I somewhat arbitrarily picked the game The New Adventures of the Time Machine, a game involving adventure, problem solving, and shooting (based loosely on H. G. Wells), knowing nearly nothing about video games. Little did I know what I was getting myself into. (…) This game (…) requires the player to learn and think in ways in which I am not adept. Suddenly all my baby-boomer ways of learning and thinking, for which I had heretofore received ample rewards, did not work.

My second realization came soon after, when at the end of a day in which I had played Time Machine for eight straight hours, I found myself at a party, with a splitting headache from too much video motion, sitting next to a 300-pound plasma physicist. I heard myself telling the physicist that I found playing Time Machine a “life-enhancing experience,” without even knowing what I meant by that. (…) confronting what was, for me, a new form of learning and thinking was both frustrating and life enhancing.

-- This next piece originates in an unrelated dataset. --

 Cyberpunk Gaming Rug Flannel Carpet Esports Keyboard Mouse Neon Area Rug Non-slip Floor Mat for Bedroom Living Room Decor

ZA: What Video Games Have to Teach Us

James Paul Gee jest m.in. profesorem na katedrze literatury, a zajmuje się też psycholingwistyką, socjolingwistyką oraz grami. Napisał kilka pozycji poświęconych grom i edukacji.


The New Adventures of the Time Machine to gra z 2000 roku, która sprzedała się w nakładzie około 50 tysięcy, a oceny były dość mieszane (za WIKI):

Gamespot thought the game alternated between a “nonsensical story” and “infuriating puzzles”. IGN felt that the game didn’t push the boundaries for Cryo and tested player’s patience. Jeux Video praised the game’s beauty and interactivity. Eurogamer praised the story and graphics and gave the game a 9/10. John Walker of Rock Paper Shotgun criticised the premise of making H. G. Wells the time traveling protagonist himself.